The troubled national carrier, which has now shifted its focus to a nationalisation exercise in the latest bid to get out of the red, attributed the loss on an increase in the cost of flying to new routes, new accounting standards and increased staff costs.
This saw the carrier’s expenses surge to Sh67 billion. In the first half of last year, the national carrier’s expenses stood at Sh56 billion.
Revenues, on the other hand, increased to Sh58 billion during the period under review from Sh56 billion last year.
KQ Chairman Micheal Joseph said at a press briefing in Nairobi whereas nationalisation is “not what the company wants”, it is “what it needs” to help it manage its costs.

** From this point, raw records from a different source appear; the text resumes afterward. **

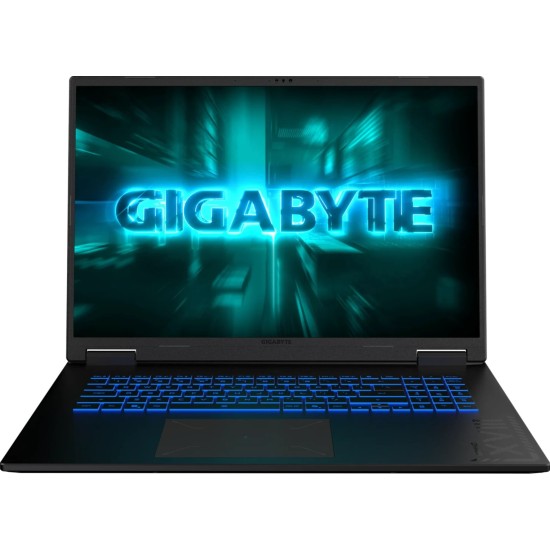 GIGABYTE GAMING A18 3WHK3DEC64SH - 18 QHD 165Hz IPS Display, AMD Ryzen 7 260, 16GB RAM, 1TB SSD, NVIDIA GeForce RTX 5070, Windows 11 Home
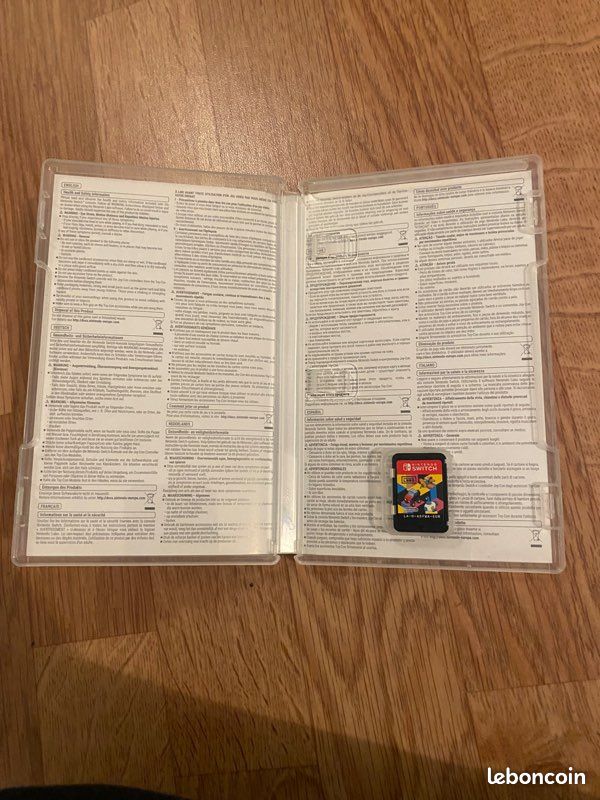 Jeux de switch (image 2)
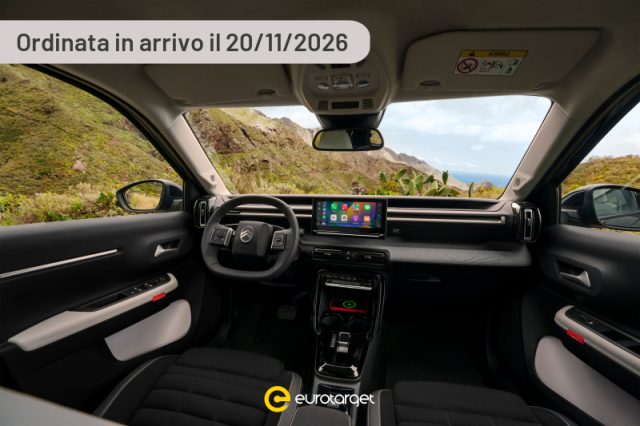 Citroen C3 Aircross motore elettrico Extended Range 113 CV Plus 2&or nuovo a PIEVE DI CENTO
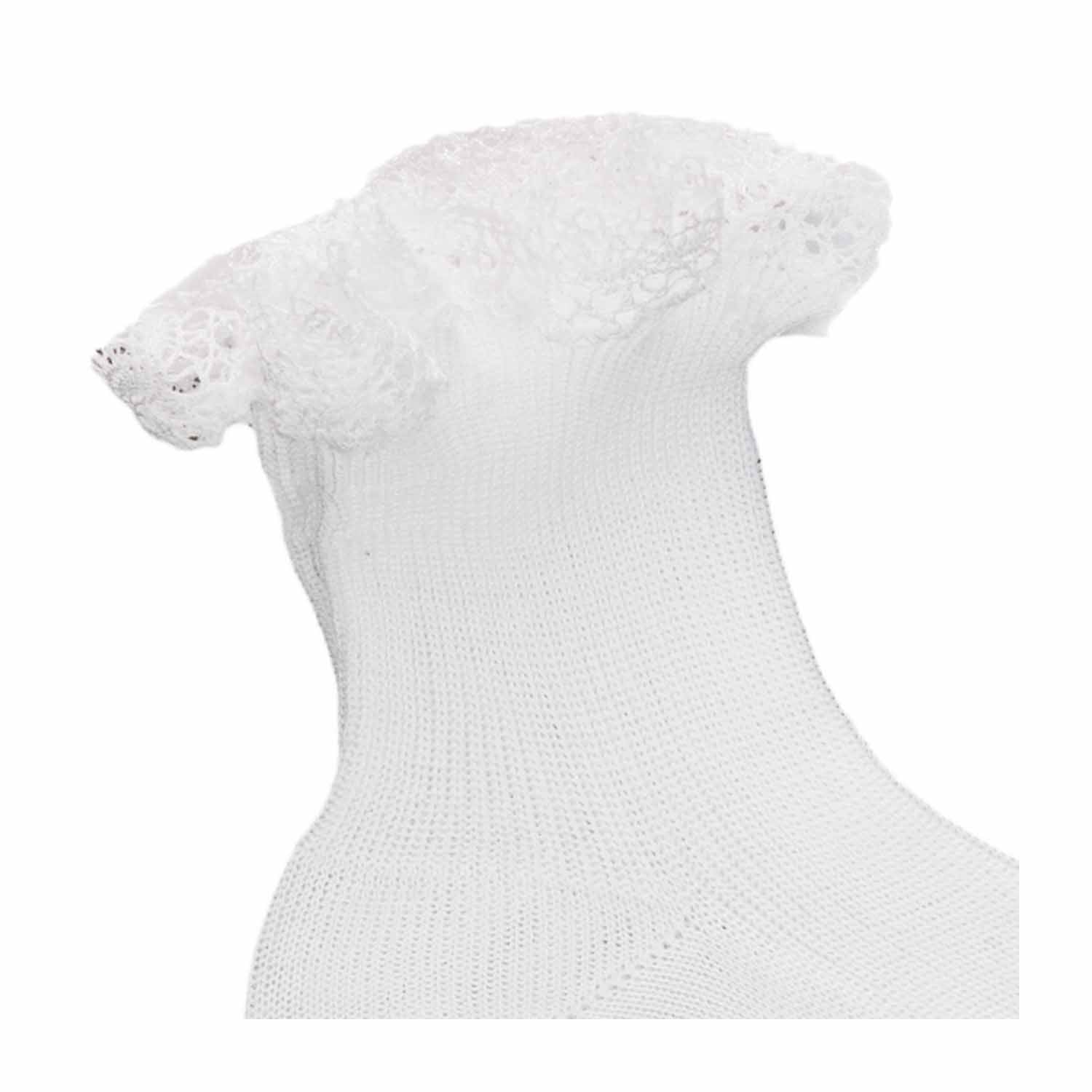 CALZINI ELEGANTI NEONATA - annameglio.com abbigliamento moda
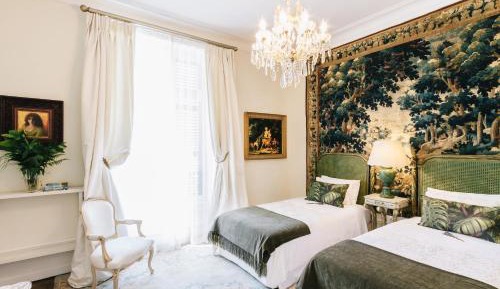 Twin Room with Shower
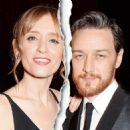 James McAvoy and Anne-marie Duff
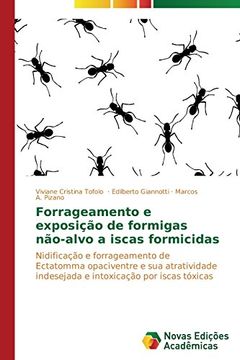portada Forrageamento e exposição de formigas não-alvo a iscas formicidas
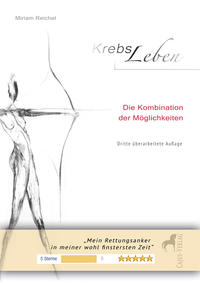 Vorderes Coverbild KrebsLeben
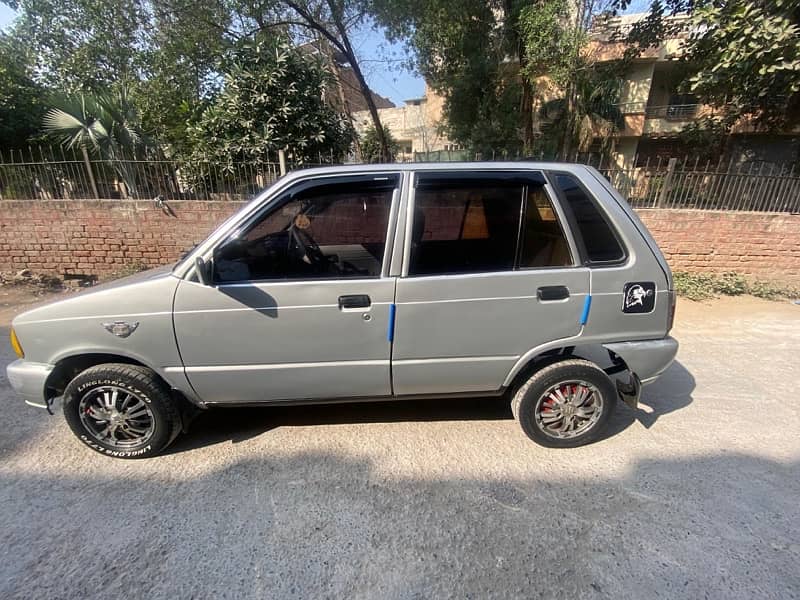 Suzuki Mehran VXR 2007 12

He said this was the strategy that KQ’s competitors in the region, including Ethiopian Airlines, had adopted to stay afloat.
Mr Joseph explained that nationalisation would also be undertaken for strategic reasons to make Nairobi an aviation hub.
He said the process would also help the airline get tax reliefs such as railway levy and excise taxes.
Outgoing Chief Executive Sebastian Mikosz, however, noted that without the one-off costs that the airline undertook, KQ’s loss would have stood at Sh6.6 billion.
“These are investments we have taken seriously as a business for purposes of sweating the assets,” he said.
The new accounting standards saw the airline bring the cost of leasing into the balance sheet, with their expenses increasing by Sh1.5 billion.
“We had issues with delays and cancellations due to higher number of operations and not go-slows,” said Mr Mikosz.
This even as insiders told The Standard that the airline’s pilots are planning another go-slow.
Chairman Joseph meanwhile, said the board in the process replacing the outgoing CEO, with interviews lined up soon.
On the joint venture with KLM and Air France, the management said there plans to revise the deal so that Kenya Airways could have as much geographic reach in Europe as the two airlines have in Africa.